WORK INSTRUCTIONS
All pictures are to be omitted while the lines starting at the line with "Crystal Palace Subway, Dulwich, London, Abandoned" and ending at the line with "ROTULADOR EDDING-800.ROJO" in the material below are retyped exactly, both ends included.

DATA FOR THIS EXERCISE

= = = =

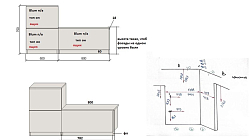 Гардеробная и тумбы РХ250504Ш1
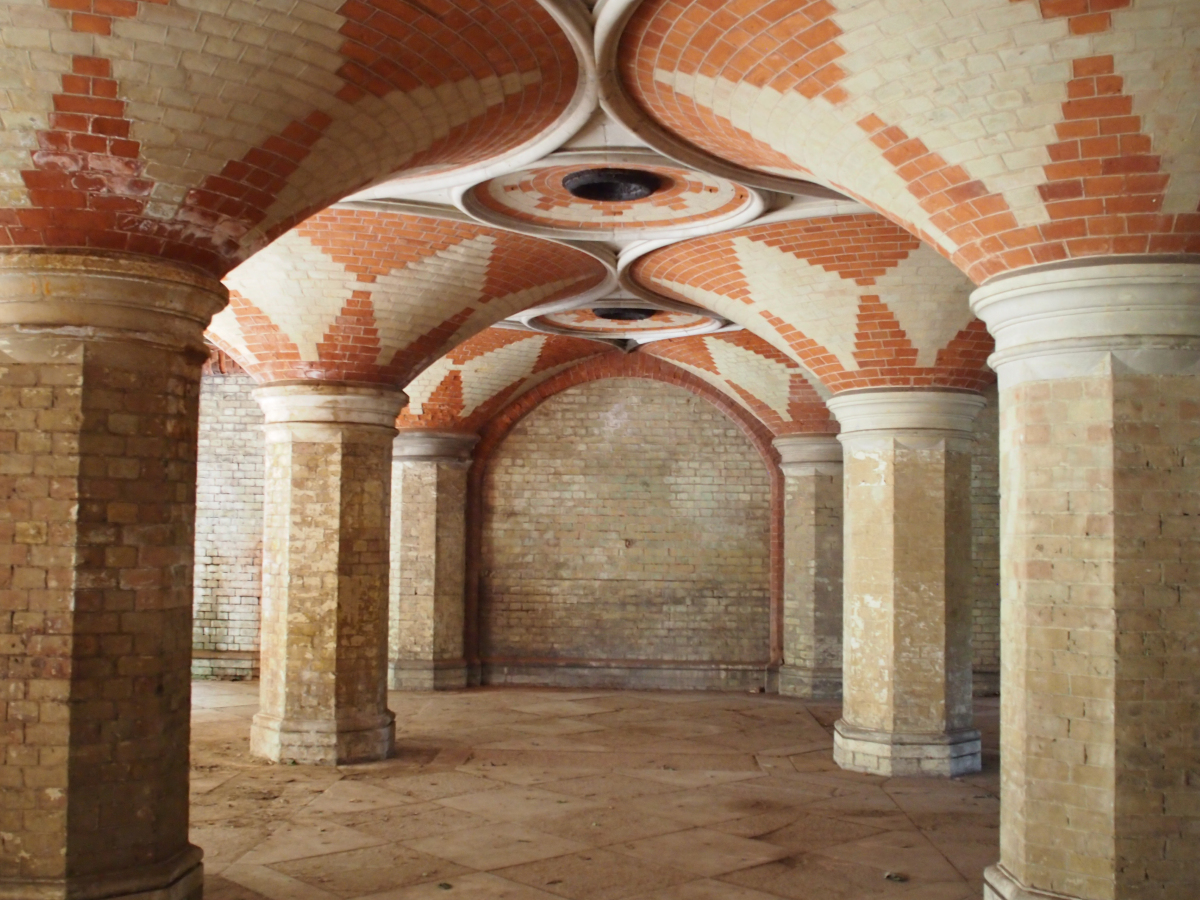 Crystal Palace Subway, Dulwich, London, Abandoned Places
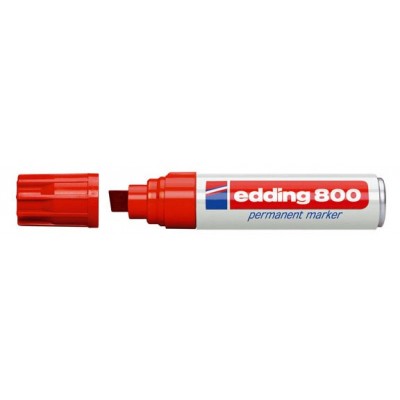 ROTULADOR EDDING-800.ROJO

= = = =

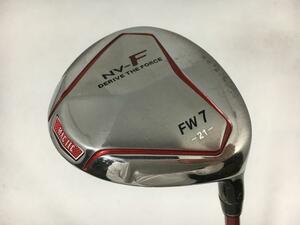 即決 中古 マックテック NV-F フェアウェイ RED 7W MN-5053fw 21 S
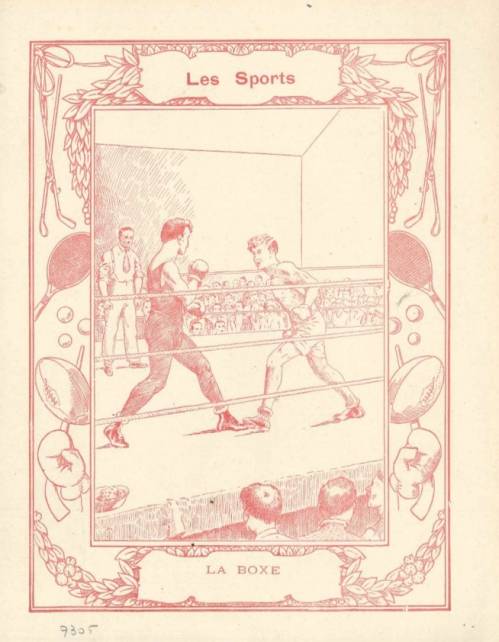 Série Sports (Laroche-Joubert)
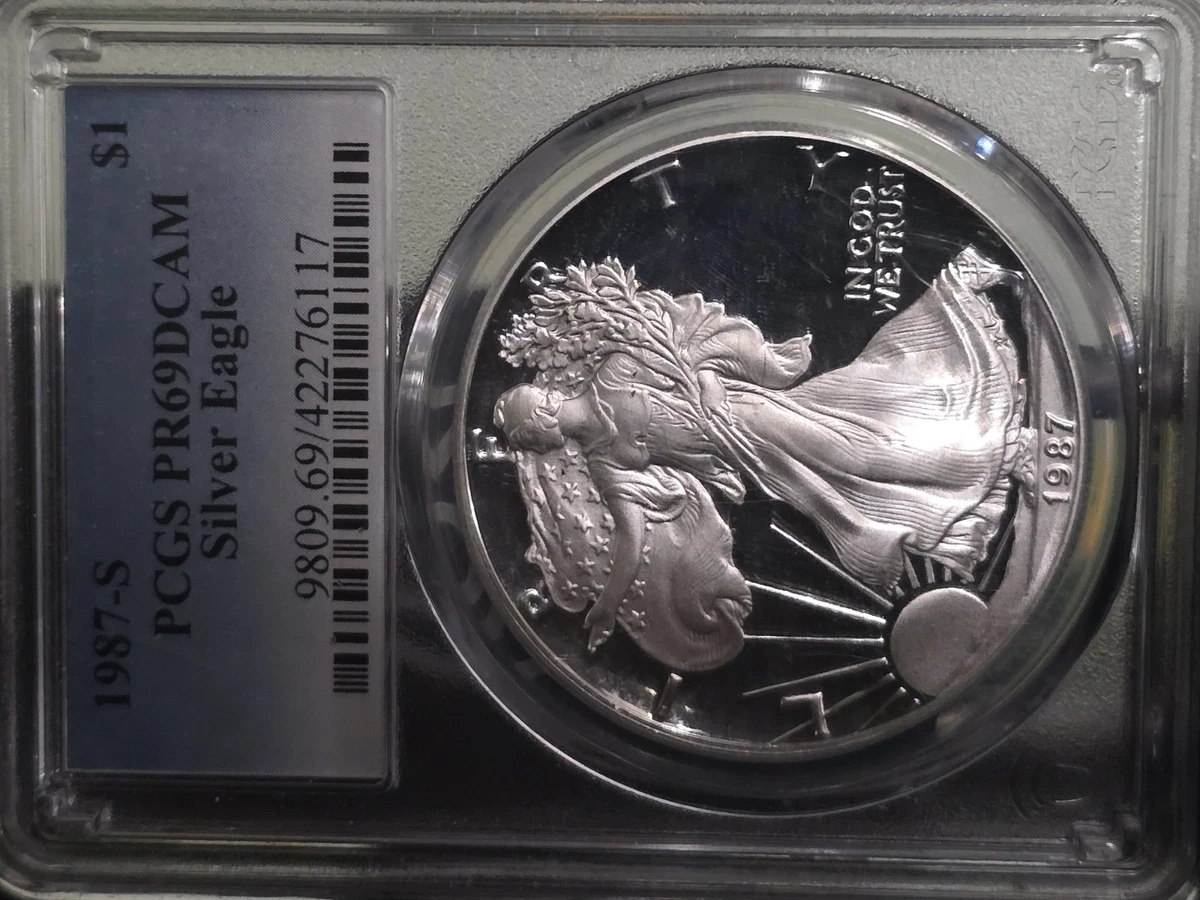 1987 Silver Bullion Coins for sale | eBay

= = = =

EXPECTED ANSWER
 Crystal Palace Subway, Dulwich, London, Abandoned Places
 ROTULADOR EDDING-800.ROJO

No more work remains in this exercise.